(WORK TO COMPLETE): Skip every picture and copy only the lines from the one containing "First you will" to the final line of the records below.

Excerpts from a dataset
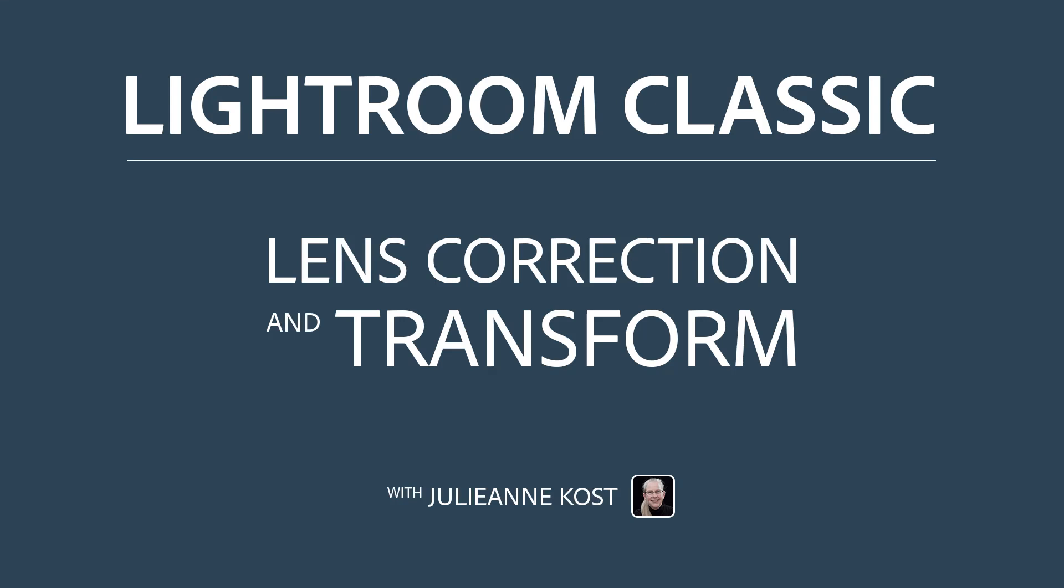Hi, I'm Julianne Kost. In the next few minutes, we're going to take a look at how we can remove distortions in our photos caused by the camera lens, as well as correct perspective distortions in our images.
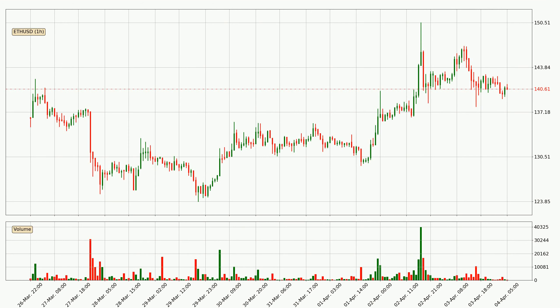By taking a closer look at the hourly time frame for Ethereum, the price went down only slightly by about 1.5% in the last 24 hours and has a current price of 141.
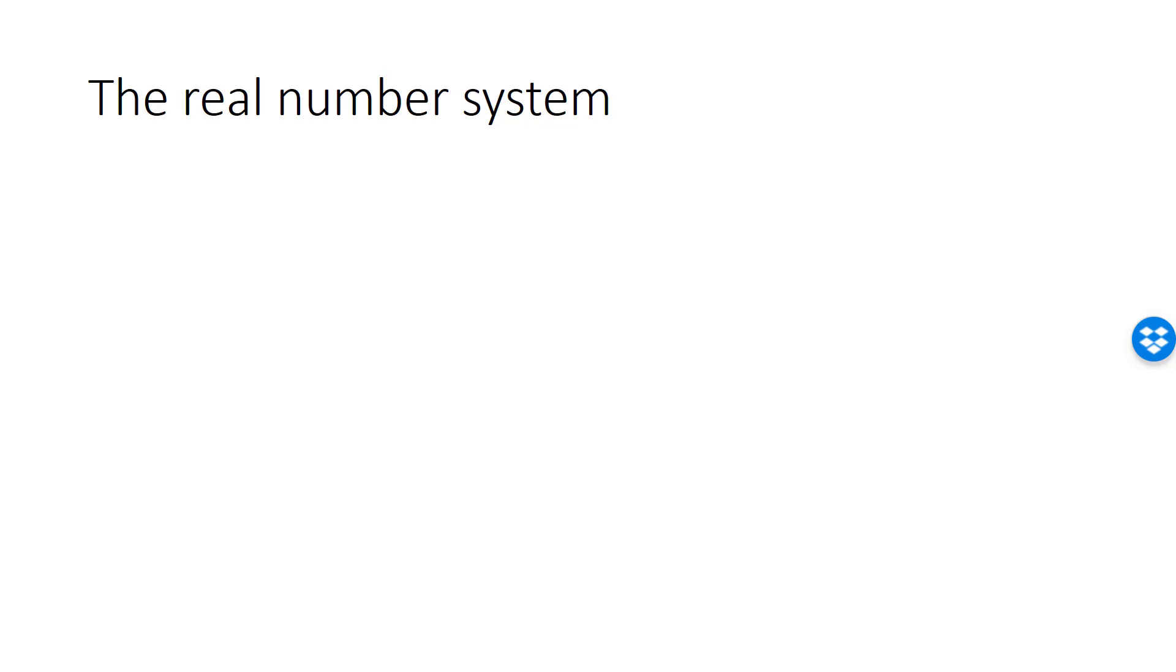The real numbers is the collection of all rational numbers, such as 1 half, and all irrational numbers, such as pi.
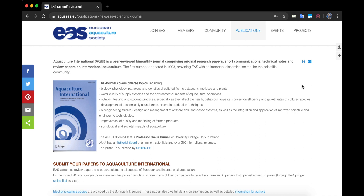Hi everyone! In this video I will explain to you how you can have free access to hundreds of articles and papers if you are a member of the European Aquaculture Society. As an EAS member you have a lot of benefits, and one of them is online access to our peer-reviewed journal Aquaculture International, ACQUI.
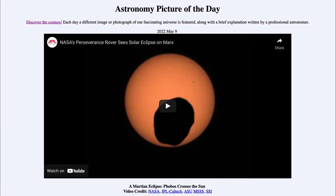Greetings and welcome to the introduction to astronomy. One of the things that I like to do in each of my introductory astronomy classes is to begin the class with the astronomy picture of the day from the NASA website, that is apod.nasa.gov/apod. And today's picture is for May 9th of 2022.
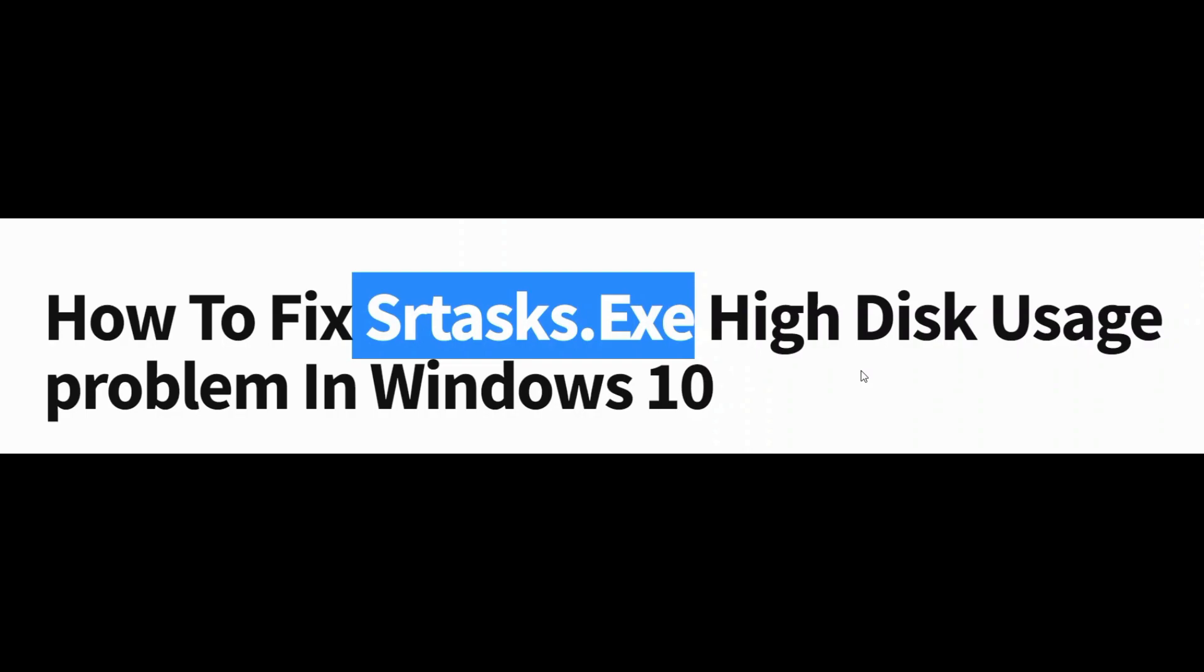This process is quite often used by Windows 10 Task Scheduler for creating restore points automatically. There are quite a few ways to fix the disk issue, high disk issue in Windows 10. Let's see how.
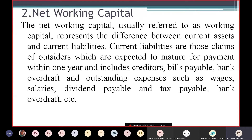The net working capital can be positive or negative. When current assets exceed current liabilities, the net working capital becomes positive — this is a good sign for the company, indicating a good liquidity position. But if the situation is reversed, when current liabilities exceed current assets, the net working capital becomes negative, showing a bad liquidity position of the company.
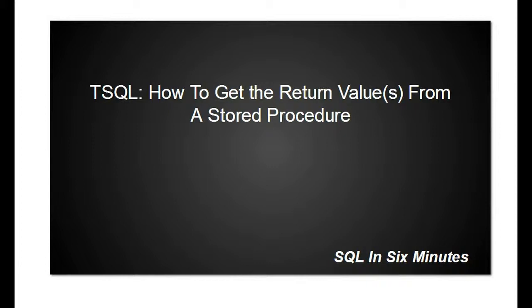Alright, this morning we're going to discuss how to get the return values or value from a stored procedure.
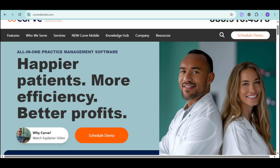Are you a dental practice owner or manager struggling to streamline your operations, enhance patient satisfaction, and grow your revenue?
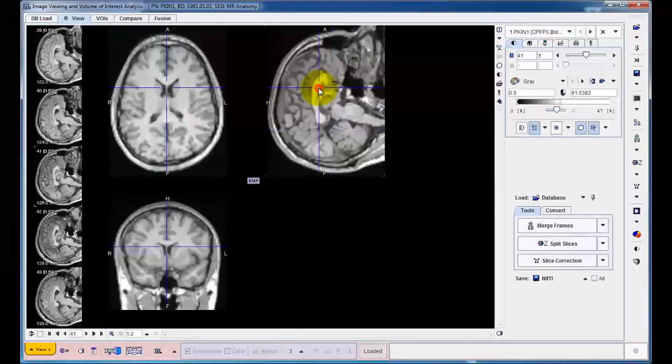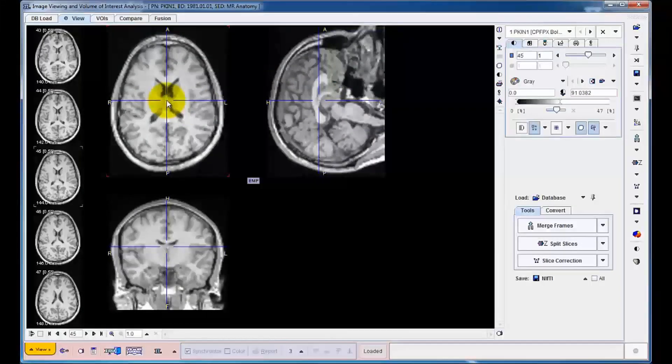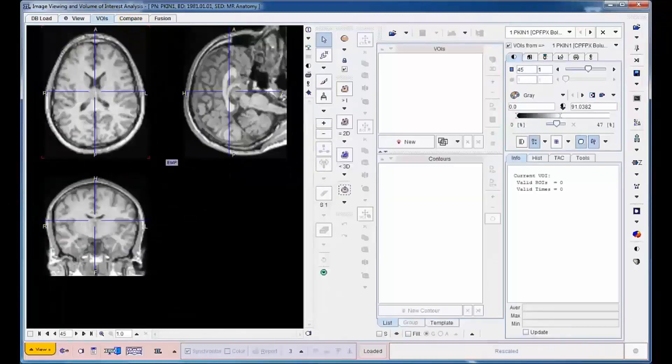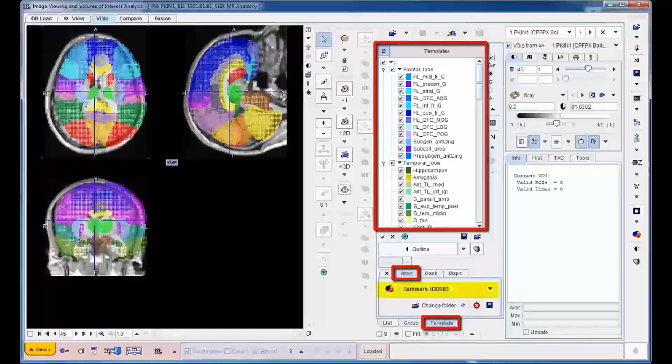The aim of the workflow is to generate outline definitions of brain areas and calculate the average PET uptake over time. VOI definition can be performed with various techniques. Here, we use the built-in template for human brain VOIs.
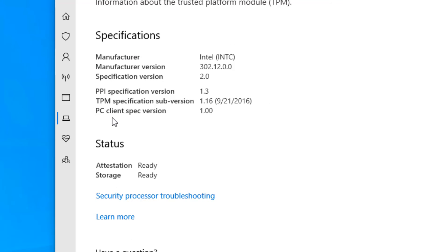Here you can see TPM specifications and subversion, which shows that you have TPM in your Windows 10 computer. So this is how you can check whether TPM is available on your Windows 10 computer and what version it is.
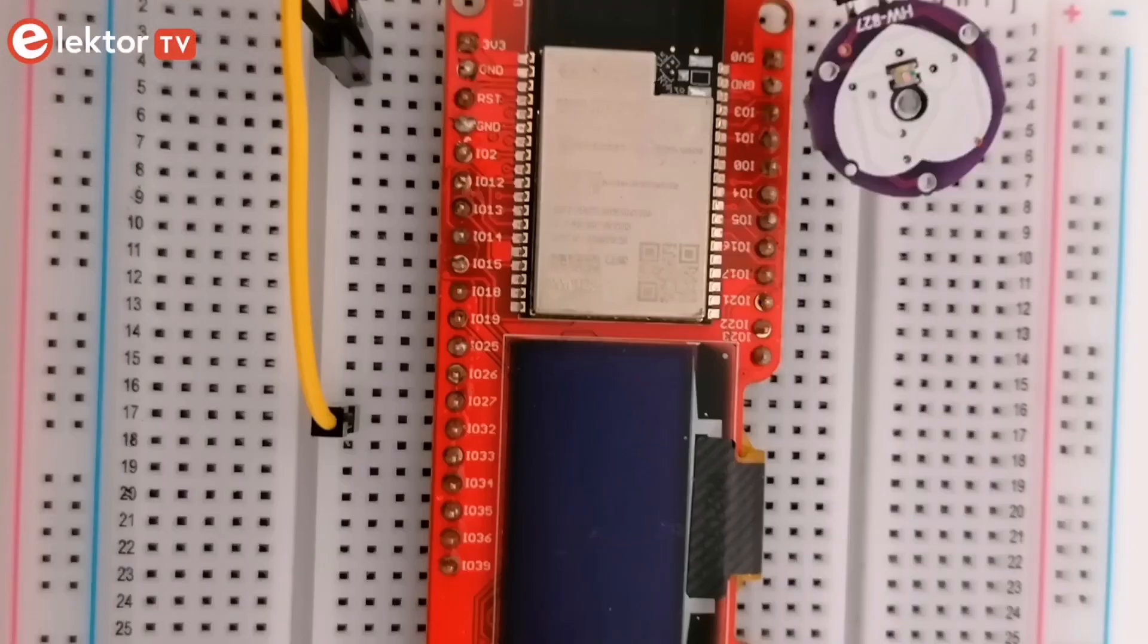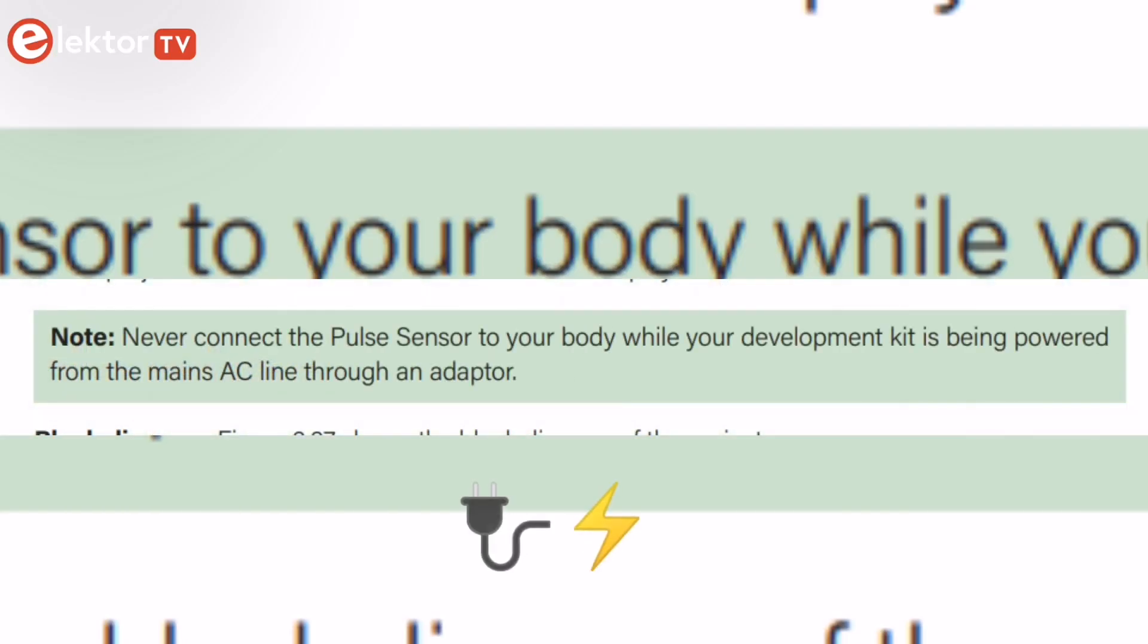Before starting this video, please note that you should never connect the pulse sensor to your body while your development kit is being powered from the main AC line through an adapter.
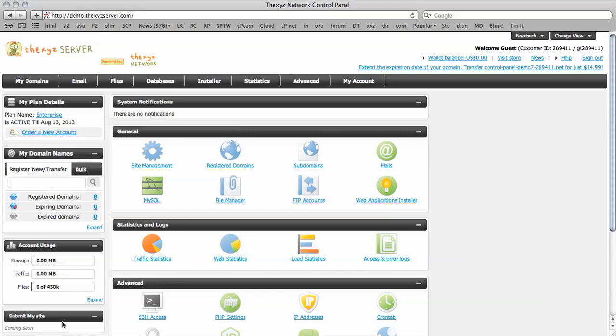Hello and welcome to the tutorial. I'm going to be showing you how to set up a cron job within the XYZ service control panel.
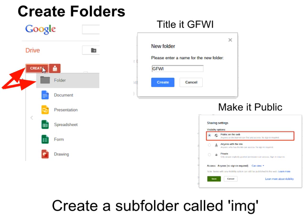First you will need to create folders. Click Create Folder and title it GFWI. Click Create. Then you'll need to make it public on the web, so change the privacy settings. Inside that folder you'll need to create a subfolder titled IMG.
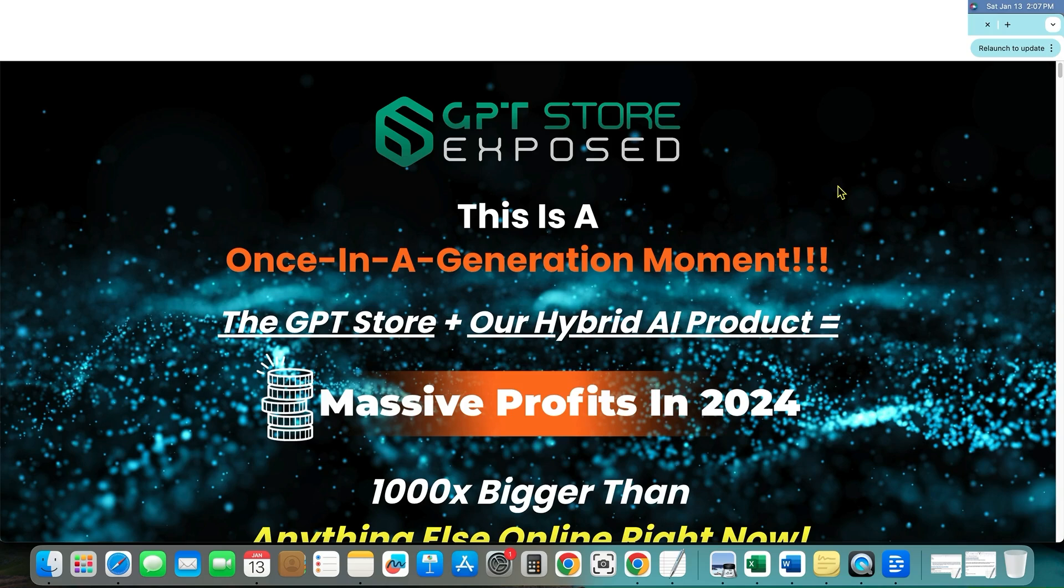I don't know why all the best products have been launching on the weekend for the last couple of weeks, but here we go. This is chat GPT or GPT store exposed by James Renoff.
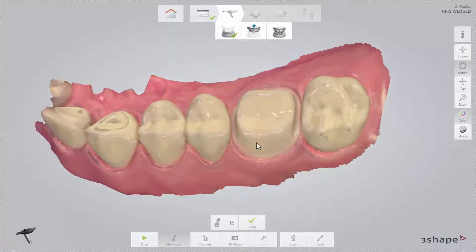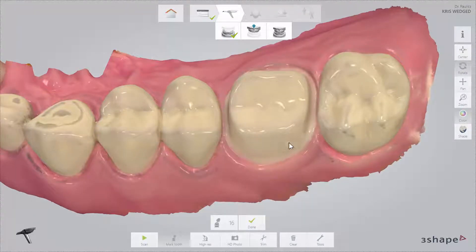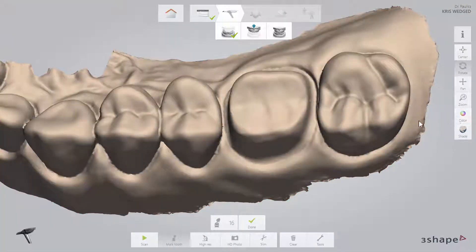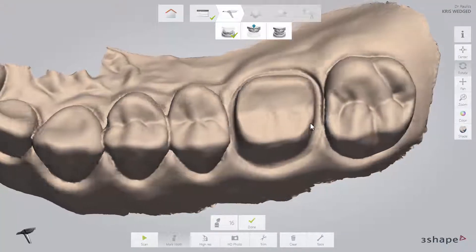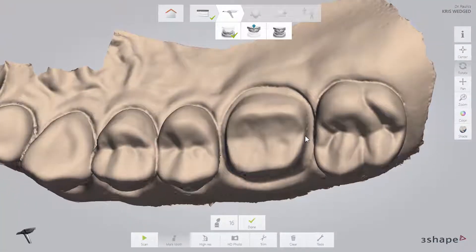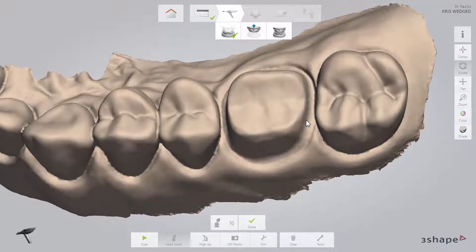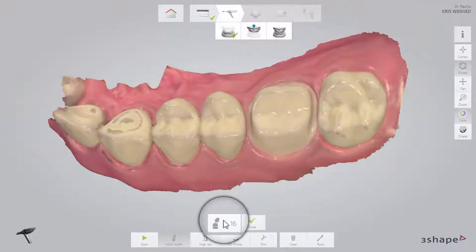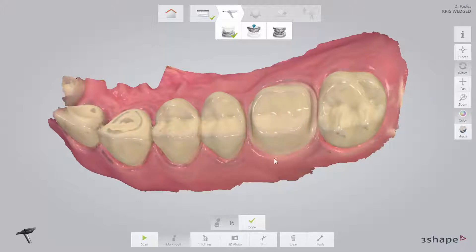Verify this by zooming in on the preparation, turning off colours, and rotating the preparation. Finally, mark the preparation using the Mark Tooth button. Once you have marked the tooth, the software will automatically check if there are any areas near the preparation that have not been scanned.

(WRITTEN ANSWER):
First you will need to create folders. Click Create Folder and title it GFWI. Click Create. Then you'll need to make it public on the web, so change the privacy settings. Inside that folder you'll need to create a subfolder titled IMG.
I don't know why all the best products have been launching on the weekend for the last couple of weeks, but here we go. This is chat GPT or GPT store exposed by James Renoff.
Verify this by zooming in on the preparation, turning off colours, and rotating the preparation. Finally, mark the preparation using the Mark Tooth button. Once you have marked the tooth, the software will automatically check if there are any areas near the preparation that have not been scanned.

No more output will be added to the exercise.